When it opens next year in Joliet, the Illinois Rock & Roll Museum on Route 66 will have exhibits on Chicago’s Chess Records and the legendary Maxwell Street blues scene, among other attractions.
Thanks to a group of market research students at Elmhurst College, it will also have an excellent idea of who might be coming to visit.
The Elmhurst graduate students conducted a four-month study in the spring, gathering information on people in Chicagoland and beyond to define a target market for the new museum’s offerings.
To jump right to the ending: The collaboration rocked. The students and their professors, Sherry Smoak and Soni Simpson, were honored during a ceremony Oct. 11 in Joliet.
“They really enlightened us on the public,” said Ron Romero, the rock museum’s founder and chairman of the board. “There were quite a few aspects they were able to identify and really set us straight on.”
The class came away from the project with an invaluable real-world experience. “My biggest takeaway from this project is the lifelong friends I made throughout this journey,” said Anna Schaefer MBA ’19, a member of the student research team. “It was a really great experience to be able to join Ron in the design phase of the museum because we were able to be very creative and explore multiple ideas.”
Forming a Supergroup
The Illinois Rock & Roll Museum on Route 66, envisioned as a shrine to Illinois music stars from all genres, is Romero’s brainchild. It began as an exhibit he wanted to display in a local museum, but he was quickly advised that he had the makings for a museum of his own. As Romero worked to make that suggestion a reality, he wanted to know more about his potential audience.
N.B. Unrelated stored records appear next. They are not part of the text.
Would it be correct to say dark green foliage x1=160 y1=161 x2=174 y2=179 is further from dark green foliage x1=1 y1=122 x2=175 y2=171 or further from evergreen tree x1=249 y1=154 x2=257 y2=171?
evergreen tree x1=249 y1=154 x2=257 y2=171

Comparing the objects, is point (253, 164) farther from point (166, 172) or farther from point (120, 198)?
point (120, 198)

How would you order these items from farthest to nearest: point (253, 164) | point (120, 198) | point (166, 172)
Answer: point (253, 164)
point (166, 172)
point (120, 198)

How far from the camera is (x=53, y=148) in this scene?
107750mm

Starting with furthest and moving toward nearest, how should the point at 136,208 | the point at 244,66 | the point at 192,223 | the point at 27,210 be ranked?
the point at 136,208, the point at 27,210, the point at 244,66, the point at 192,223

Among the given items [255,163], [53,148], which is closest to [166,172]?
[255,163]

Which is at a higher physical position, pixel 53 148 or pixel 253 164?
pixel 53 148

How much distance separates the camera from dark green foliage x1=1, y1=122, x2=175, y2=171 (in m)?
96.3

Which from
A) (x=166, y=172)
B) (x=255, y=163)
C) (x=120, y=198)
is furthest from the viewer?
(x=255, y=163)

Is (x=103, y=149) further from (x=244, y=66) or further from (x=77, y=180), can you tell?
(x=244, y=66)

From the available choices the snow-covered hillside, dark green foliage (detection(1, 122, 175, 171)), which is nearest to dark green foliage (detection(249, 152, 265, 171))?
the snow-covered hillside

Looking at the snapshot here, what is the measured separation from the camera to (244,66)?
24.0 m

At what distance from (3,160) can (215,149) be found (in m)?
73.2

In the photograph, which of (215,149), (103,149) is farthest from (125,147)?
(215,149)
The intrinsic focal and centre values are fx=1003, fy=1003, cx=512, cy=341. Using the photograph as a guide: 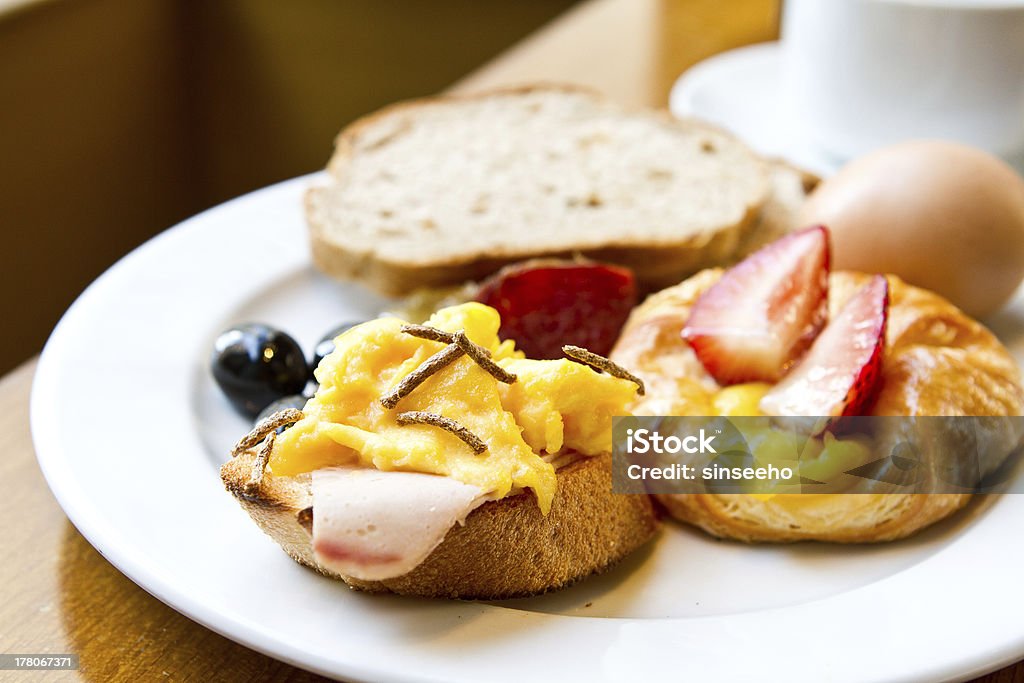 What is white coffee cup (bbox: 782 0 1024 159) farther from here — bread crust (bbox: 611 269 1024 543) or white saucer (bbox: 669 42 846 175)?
bread crust (bbox: 611 269 1024 543)

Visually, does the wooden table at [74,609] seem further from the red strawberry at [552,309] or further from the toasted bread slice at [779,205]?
the toasted bread slice at [779,205]

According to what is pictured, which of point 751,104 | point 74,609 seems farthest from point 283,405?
point 751,104

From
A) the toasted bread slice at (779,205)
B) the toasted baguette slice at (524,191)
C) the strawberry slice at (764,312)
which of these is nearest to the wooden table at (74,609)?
the strawberry slice at (764,312)

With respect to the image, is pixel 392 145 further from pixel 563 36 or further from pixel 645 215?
pixel 563 36

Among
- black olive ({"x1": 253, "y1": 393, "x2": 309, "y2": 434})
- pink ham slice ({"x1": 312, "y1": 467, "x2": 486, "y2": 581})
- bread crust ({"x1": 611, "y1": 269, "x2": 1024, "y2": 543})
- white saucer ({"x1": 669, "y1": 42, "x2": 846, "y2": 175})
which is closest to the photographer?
pink ham slice ({"x1": 312, "y1": 467, "x2": 486, "y2": 581})

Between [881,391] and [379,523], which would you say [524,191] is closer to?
[881,391]

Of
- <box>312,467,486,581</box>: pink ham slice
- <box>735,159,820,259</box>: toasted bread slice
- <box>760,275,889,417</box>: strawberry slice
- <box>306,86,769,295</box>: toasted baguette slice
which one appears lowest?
<box>735,159,820,259</box>: toasted bread slice

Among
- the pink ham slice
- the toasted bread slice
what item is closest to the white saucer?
the toasted bread slice

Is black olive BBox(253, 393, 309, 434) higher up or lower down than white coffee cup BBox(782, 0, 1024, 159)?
lower down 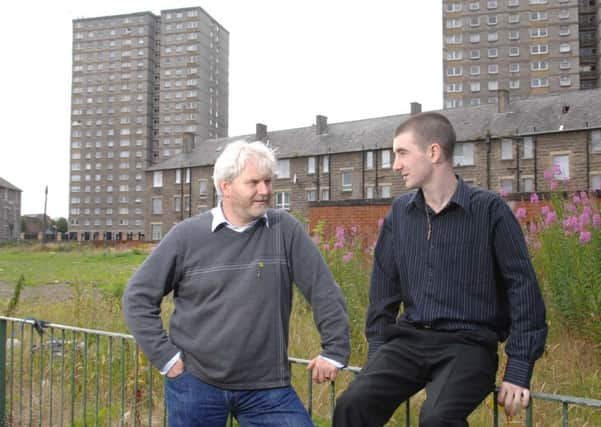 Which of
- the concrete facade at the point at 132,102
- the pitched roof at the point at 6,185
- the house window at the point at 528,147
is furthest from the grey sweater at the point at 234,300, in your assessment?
the concrete facade at the point at 132,102

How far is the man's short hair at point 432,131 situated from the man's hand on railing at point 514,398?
0.99m

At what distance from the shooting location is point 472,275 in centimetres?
241

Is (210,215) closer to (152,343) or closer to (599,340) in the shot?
(152,343)

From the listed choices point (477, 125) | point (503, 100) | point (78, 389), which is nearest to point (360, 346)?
point (78, 389)

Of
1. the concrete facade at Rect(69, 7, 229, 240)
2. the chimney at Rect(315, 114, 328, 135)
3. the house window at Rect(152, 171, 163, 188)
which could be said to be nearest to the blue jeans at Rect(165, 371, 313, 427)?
the chimney at Rect(315, 114, 328, 135)

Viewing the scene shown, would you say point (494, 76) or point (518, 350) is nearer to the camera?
point (518, 350)

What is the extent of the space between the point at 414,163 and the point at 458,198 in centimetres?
24

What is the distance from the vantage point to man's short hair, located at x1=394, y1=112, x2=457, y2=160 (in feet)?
8.33

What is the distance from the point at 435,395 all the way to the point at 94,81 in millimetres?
120941

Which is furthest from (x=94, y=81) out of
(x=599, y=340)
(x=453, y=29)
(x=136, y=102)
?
(x=599, y=340)

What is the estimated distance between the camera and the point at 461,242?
8.03 ft

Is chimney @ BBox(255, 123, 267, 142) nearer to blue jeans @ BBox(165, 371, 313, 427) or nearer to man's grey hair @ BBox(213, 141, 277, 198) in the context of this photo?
man's grey hair @ BBox(213, 141, 277, 198)

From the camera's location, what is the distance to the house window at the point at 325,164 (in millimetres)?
43850

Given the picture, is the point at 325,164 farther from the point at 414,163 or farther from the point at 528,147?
the point at 414,163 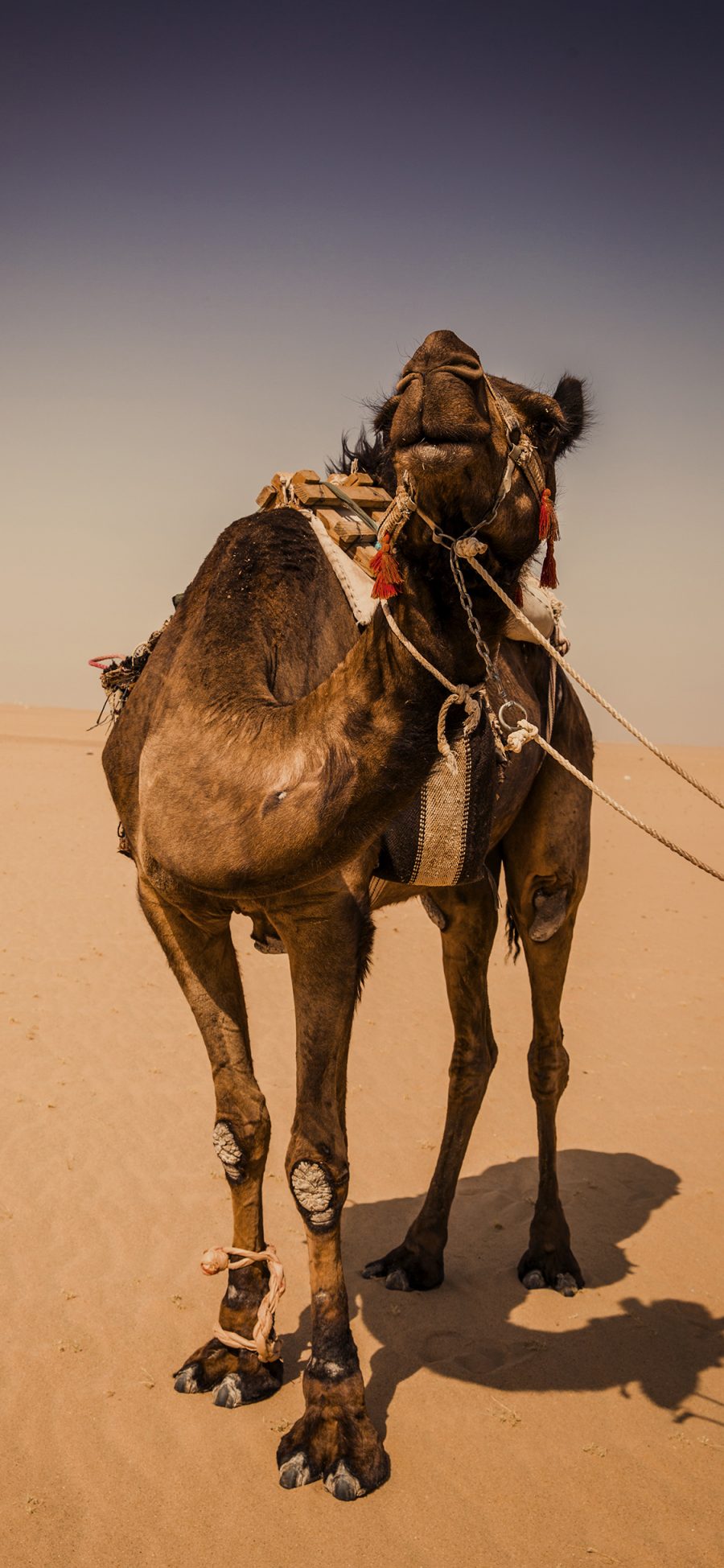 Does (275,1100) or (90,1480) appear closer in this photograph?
(90,1480)

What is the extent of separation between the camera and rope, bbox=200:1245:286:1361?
412 cm

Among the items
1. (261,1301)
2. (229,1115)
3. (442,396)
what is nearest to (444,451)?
(442,396)

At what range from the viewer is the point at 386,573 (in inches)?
100.0

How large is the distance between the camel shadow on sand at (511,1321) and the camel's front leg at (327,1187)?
1.43 feet

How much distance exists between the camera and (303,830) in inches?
107

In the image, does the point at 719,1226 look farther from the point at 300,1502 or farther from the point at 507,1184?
the point at 300,1502

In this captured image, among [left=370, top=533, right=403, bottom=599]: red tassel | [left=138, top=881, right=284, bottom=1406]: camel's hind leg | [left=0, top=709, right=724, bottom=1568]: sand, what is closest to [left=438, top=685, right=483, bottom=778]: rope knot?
[left=370, top=533, right=403, bottom=599]: red tassel

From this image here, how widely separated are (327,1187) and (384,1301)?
1782mm

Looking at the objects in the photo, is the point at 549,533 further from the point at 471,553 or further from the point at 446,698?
the point at 446,698

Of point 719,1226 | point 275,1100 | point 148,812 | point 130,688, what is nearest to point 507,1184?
point 719,1226

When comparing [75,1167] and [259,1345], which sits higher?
[259,1345]

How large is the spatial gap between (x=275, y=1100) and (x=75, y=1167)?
1979 millimetres

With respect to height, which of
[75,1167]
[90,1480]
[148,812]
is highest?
[148,812]

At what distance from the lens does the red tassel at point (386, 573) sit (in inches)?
100.0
He found an ideal partner in the College’s D.K. Hardin Center for Market Research, where Smoak was searching for clients to partner with on her students’ spring practicum course. (Elmhurst adjunct professor Bernard Deir sits on the museum’s board and helped connect Romero with the Hardin Center.)
The project kicked off in February of 2019 with six business students who had chosen the marketing research specialization as part of their Elmhurst MBA studies. Romero met with them and laid out his request: He wanted concrete data on the museum’s target market to guide his marketing efforts.
The students, already excited to be working on a project of this caliber, took the lead and dove into the research. At the same time, Smoak and Simpson “were in the trenches with us as we were tweaking our survey questions and sifting through copious amounts of data,” said Brian Pollastrini MBA ’19. “It was really nice to have them there on the ground with us, helping us along the way.”
Pollastrini and his classmates compiled demographics and conducted surveys and panels with potential visitors. They studied how people felt about entertainment, how much they were willing to pay for it and how far they were willing to travel. Romero recalled how some of the students traveled to Joliet to tour the local scene and take note of the competitive landscape. “Some would call with ideas that weren’t necessarily related to the study but were great ideas,” he said.
The project culminated in a final presentation. The students discussed their findings and made recommendations to Romero and his team.
“We spent 16 weeks working on this project, and it was fun to see the presentation grow along with our knowledge on the subject,” Pollastrini said.
It was the same kind of hands-on work that professional market researchers do for their business customers. “[The students] can put it on their resumes,” Smoak said. “When they’re interviewing for jobs, they can speak to it. They have so much ownership over the project that they feel a real sense of pride.”
Working in Concert
Romero now has a comprehensive set of insights that he and his team are using to build an audience.
Meanwhile, the rock museum continues to set up shop in a newly purchased building on West Cass Street in Joliet—right along historic Route 66.
The plan is to open the first floor to the public sometime next year, and the entire building—with three floors and roughly 15,000 square feet of space for exhibits, performances and educational events—in 2021.
“We have high regard for the teachers, for the students, for the program there,” Romero said. “I think it’s of great value to a business to have those types of services and information at their disposal, so I would definitely highly recommend reaching out to [Elmhurst College] for help.”
Smoak sees bottom-line value for organizations that partner with Elmhurst. (Past clients include the Brookfield Zoo and Morton Arboretum.) With so much data available to nonprofits and small businesses these days, it still takes real people to interpret the numbers and come away with actionable input, she said.
“It’s a win-win for the business and the students,” Smoak said. “It’s helpful for the company because they’re getting a lot of great information [at no cost], and they can feel good about the fact that the students are learning in the process.”
Said Simpson: “I’m really proud of the students’ commitment to this project, their deep analytics and their high level of professionalism.”